◆ What to produce
Write out the entries below exactly, starting at the first line and stopping after the line that contains "Your bedroom contains"; skip all pictures.

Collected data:
━━━━━━━━━━

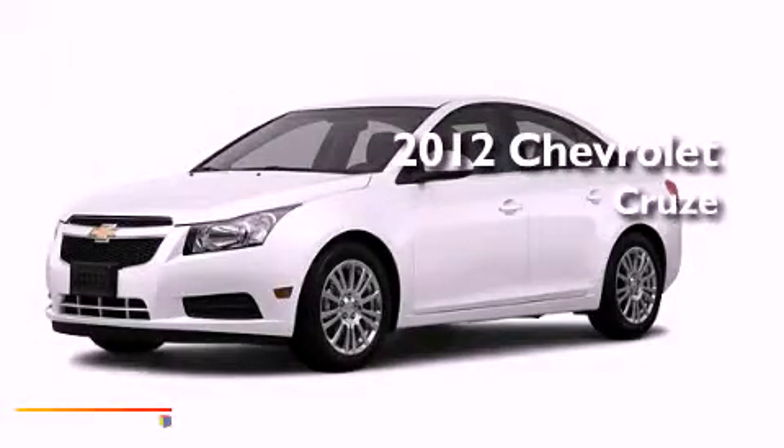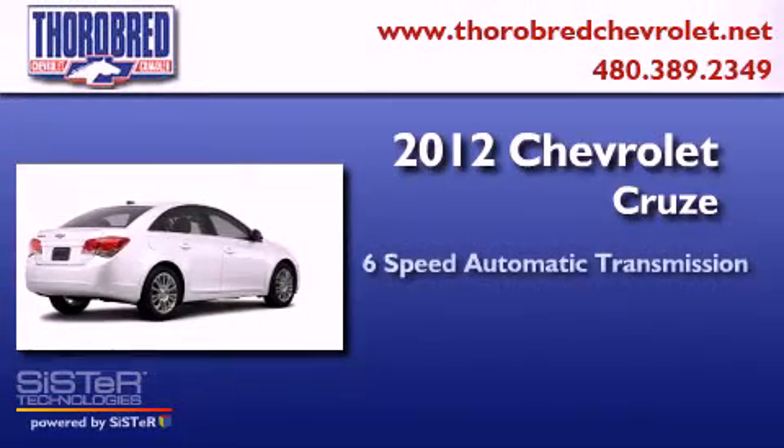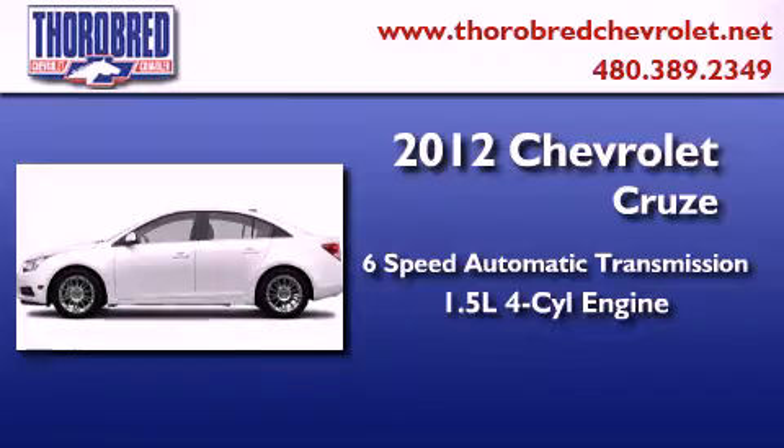This is a brand new 2012 Chevrolet Cruze. This car has a 6-speed automatic transmission and an inline 4-cylinder engine.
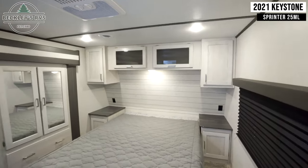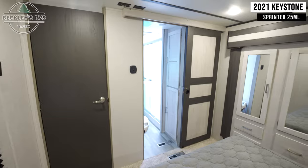Your bedroom contains a residential queen-sized bed and plenty of wardrobe and cabinet storage.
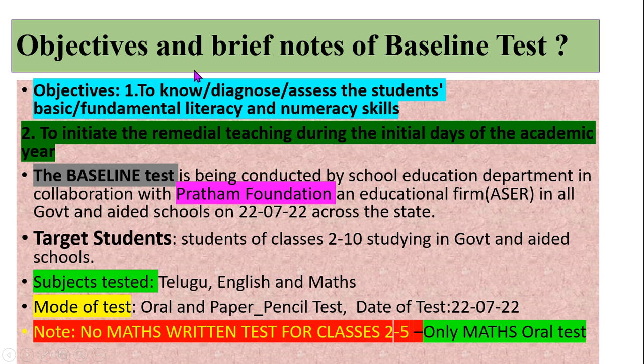What are the objectives of this baseline test? Number one: to know, diagnose, or assess the students' basic or fundamental literacy and numeracy skills. The baseline test is being conducted by the school education department in collaboration with Pratham Foundation, which is an educational firm known for the Annual Status of Education Report, in all government and aided schools on 22nd July.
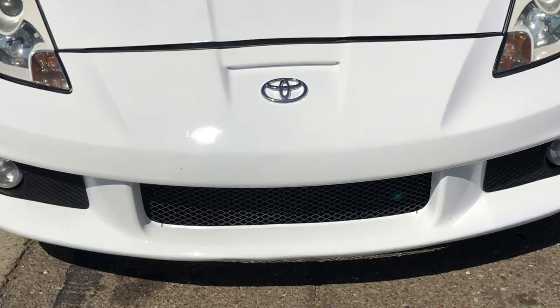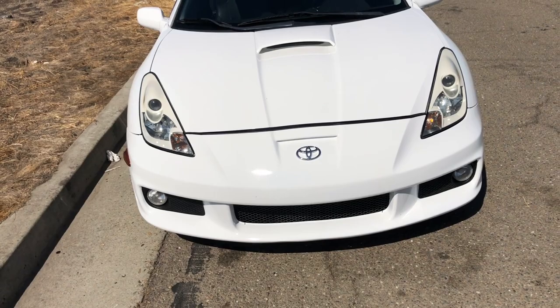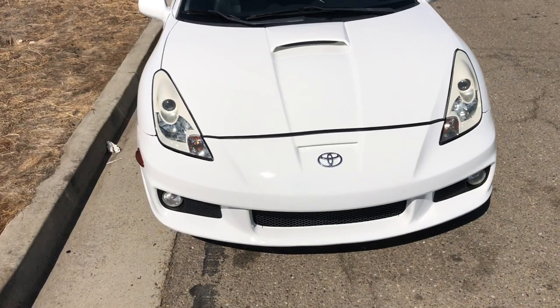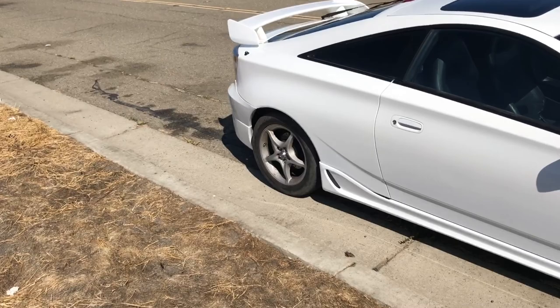If you want something like this, go on eBay and look up universal grill and it will pop up exactly like this. Thank you guys - if you made it to the end of this video, I know I talk a lot but that's just me. If you know me in person you know I talk a lot. I'm not shy anymore. Any questions, let me know in the comments. Please and thank you, see you guys around.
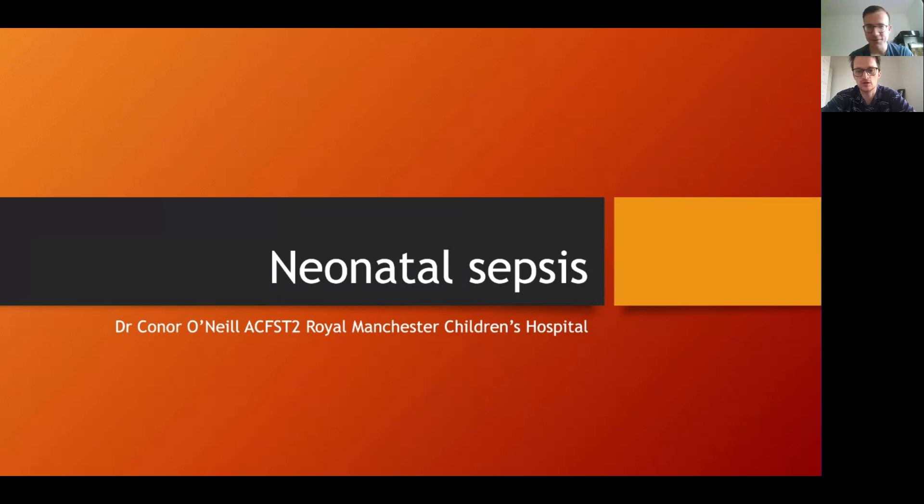Good evening everyone and welcome to the final part of our neonatal themed week. I'm joined this evening by Dr. Connor O'Neill from the Royal Manchester Children's Hospital, who will be taking us through neonatal sepsis. Thanks James. Hello to whoever is listening — I'm Connor, a pediatric trainee in the Northwest, and today I'm here to talk about neonatal sepsis.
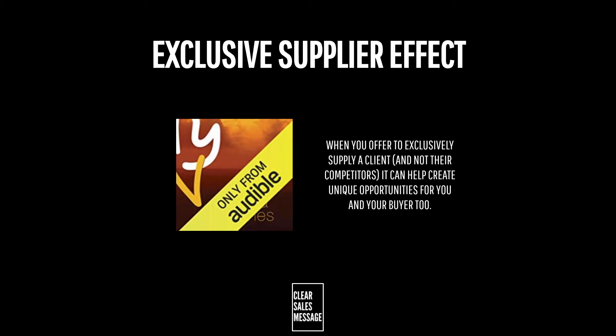Secondly, as a seller you can use it to secure the deal. If you're speaking with a potential buyer then part of the negotiation could be exclusive supply to them, which appeals to their desire for a competitive advantage, feeling special and not missing out on something that their competitors could benefit from. So that's the exclusive supply effect — when you offer to exclusively supply a client and not their competitors, it can help create unique opportunities for you and for your buyer too.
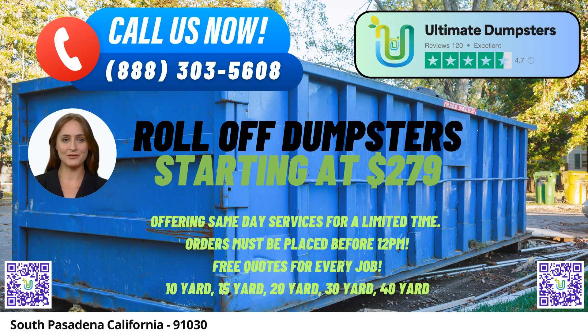One of the standout features of Ultimate Dumpsters is our flexible and affordable pricing. We believe in transparent and competitive pricing, ensuring that you receive the best value for your money. We offer free quotes and estimates for every job and customer, allowing you to plan your budget effectively.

━━━━━━━━━━

◆ Written answer
This is a brand new 2012 Chevrolet Cruze. This car has a 6-speed automatic transmission and an inline 4-cylinder engine.
Your bedroom contains a residential queen-sized bed and plenty of wardrobe and cabinet storage.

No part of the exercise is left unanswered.